Saturday, 1 December 2012

It's just a fence!

 
The news of an outbreak of violence in Gaza with the Israeli Defence Forces was not much of a surprise for anyone. It mobilised some to protest outside the Israeli embassy in London, while others joined the counter-demonstration further down the road, the vast majority of people probably languished in passive ignorance to the history of the crisis. The wars waged to establish and expand the state of Israel surprise no one with a modicum of knowledge of the history of the nation-state. Like childbirth the founding of a state is repressed precisely because it's so traumatic. The majority of states in the world were either founded in violence and have been perpetuated through violence in way or another. So it should surprise no one that the state of Israel was founded out of a theft - what Palestinians call the Nabka - in which 700,000 people were expelled from their land and their villages were destroyed to make way for a new country. And we can safely say, in retrospect of six decades, that expansionism is inherent to the state-founding project.
 
Expulsion from the land was the only way that the state could be established. It was necessary given that at the time Mandate Palestine consisted of a population that was 95% Muslim and Christian Arab. Today the millions of descendents of those Palestinians who were first displaced in 1948 are scattered around the world. The largest concentration outside of Israel and the occupied territories is in Jordan, where Israeli nationalists argue the Palestinians really belong. Part of the problem is the ambiguity of where Israel’s borders actually end. If the international borders are disregarded (which they are inside Israel) then the eastern frontier of the country reach across the Jordan River and that would mean Jordan can be absorbed as well. This is the irony of the nationalist line that the Palestinians should go live in Jordan.
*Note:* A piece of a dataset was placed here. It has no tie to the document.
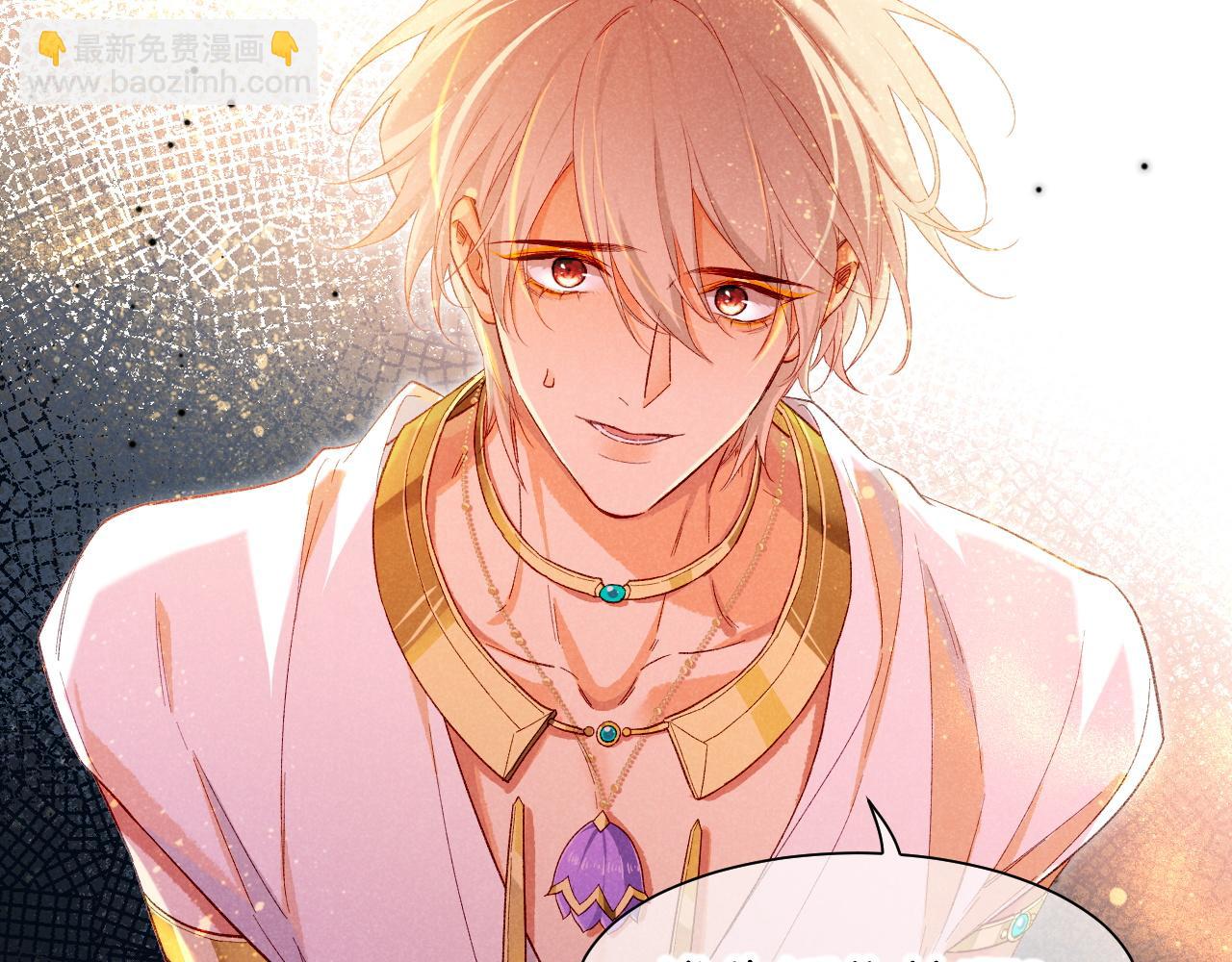 再見，我的國王 - 第87話 固執的人(2/3) - 2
Originally the border was meant to be at the Alawi River in the middle of Lebanon. Until the borders are clarified and set at the internationally recognised limit, which is at 78% of what was once Mandate Palestine, then there won’t be peace.
 
 
The UN vote to bestow non-member observer status on Palestine demonstrates that the Palestinians are hungry for a peaceful settlement. Incidentally, Palestine now shares the same status of statehood as the Holy See. This is contrary to the picture that the Israeli Right put forward of murderous rabbles of Arabs too bloodthirsty to settle for anything less than the demise of the Jewish state. Yet it is the Israeli government that won't budge on the question of settlements and 60% of the West Bank already consists of Jewish settlements. That's a major obstacle to a two-state settlement if Palestine is meant to be constituted by 100% of the West Bank. Then there's the wall of annexation that has been extended around arable land and resources in the West Bank. This wall is called a 'defensive barrier' in Israel, which is what the Berlin Wall was called in East Germany. It gets even more absurd, in the US media the wall is called a 'fence' and it's longer than the Berlin Wall. I guess you must be a Nazi if you don't see an enormous concrete wall as a white picket fence.